GO Carrier and RS Aronstam

The cardiac cholinergic system was studied in streptozotocin (STZ)- diabetic and age-matched control rats. STZ-diabetic rats (8-10 weeks) were supersensitive to the negative chronotropic effects of acetylcholine, carbamylcholine and bethanechol; inotropic responses to these muscarinic agonists were unaltered. This phenomenon was associated with a decrease in acetylcholinesterase activity but no change in the rate and extent of neuronal choline uptake. [3H]N- methylscopolamine bound to muscarinic receptors in atria from both groups of rats with the same high affinity.
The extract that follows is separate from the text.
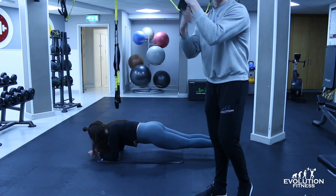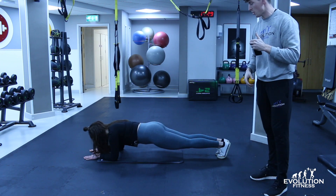Focus on pulling your elbows into your waist — that's going to activate more of your core muscles.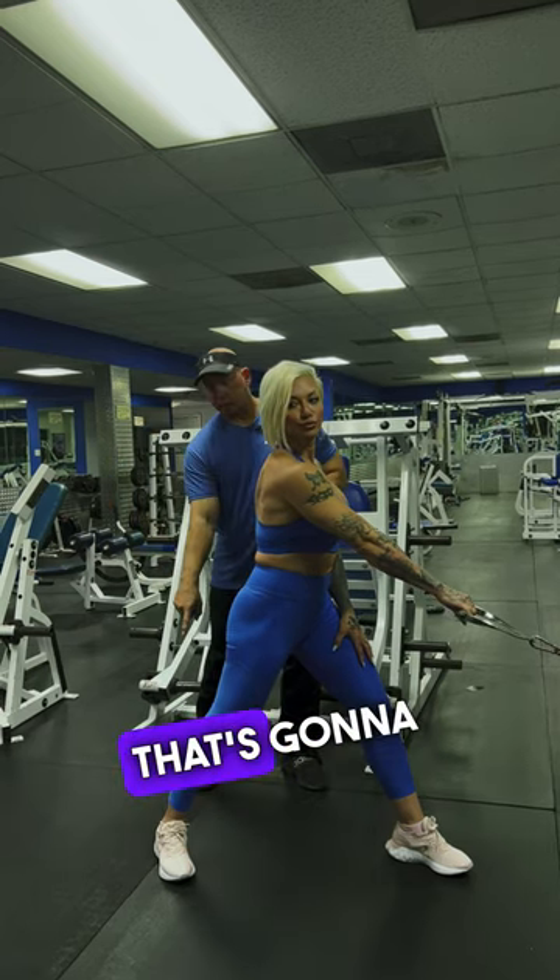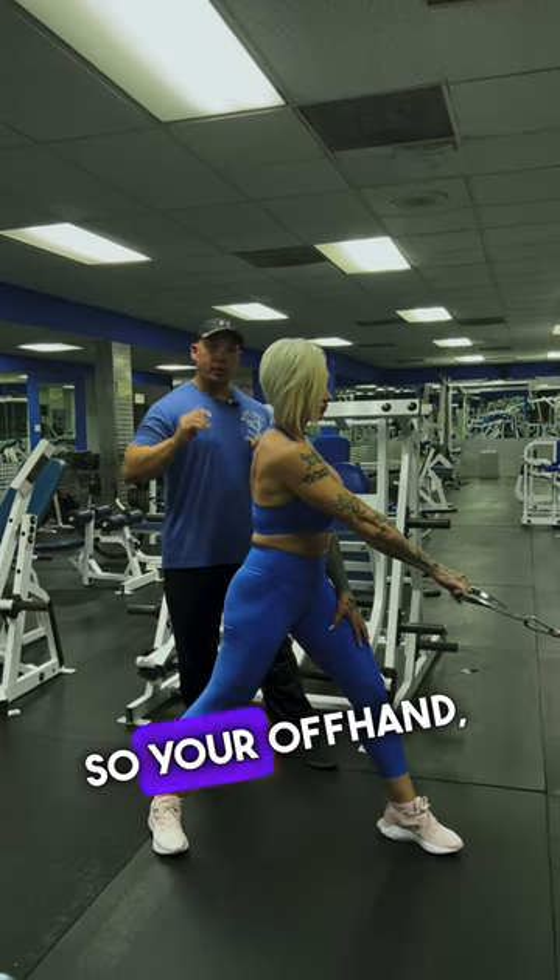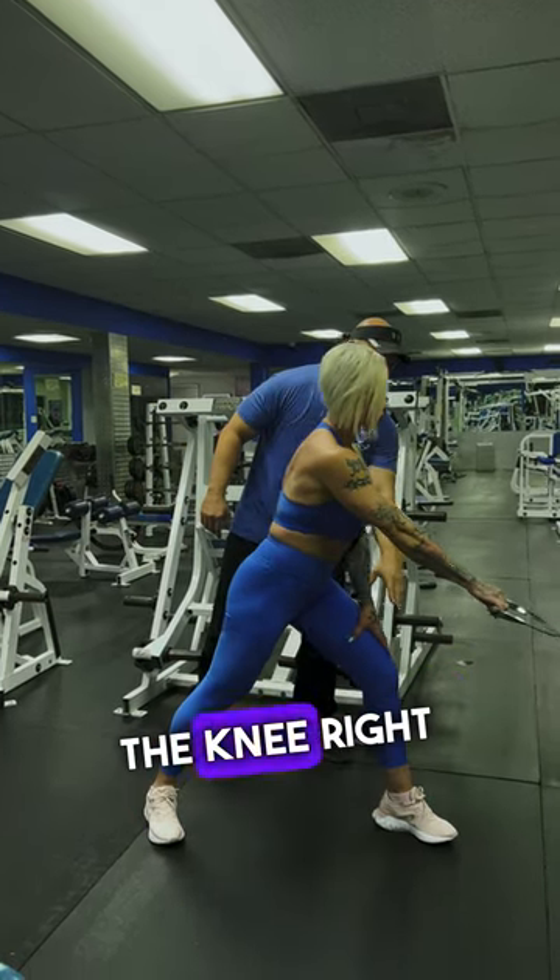With the arm that you're pulling, that's the leg that's going to be set back. You want to make sure you're taking a long stance. So your offhand, we're going to go ahead and rest it onto the knee right here.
The density of [3H]N- methylscopolamine binding sites, however, was 34% lower in atria from STZ-diabetic rats. Agonist binding affinity was lower in diabetes; carbamylcholine had a lower affinity for both the high- and low- affinity receptors. These results indicate that cardiac cholinergic supersensitivity in right atria in diabetes occurs before the development of autonomic neuropathy insofar as neuronal [3H]choline uptake is unaltered at this stage of STZ diabetes. Changes in agonist binding conformation, without a concomitant change in antagonist binding affinity, suggest that supersensitivity of right atria to muscarinic agonist may be a consequence of altered coupling of muscarinic receptor to transduction mechanisms involved in chronotropism in diabetes.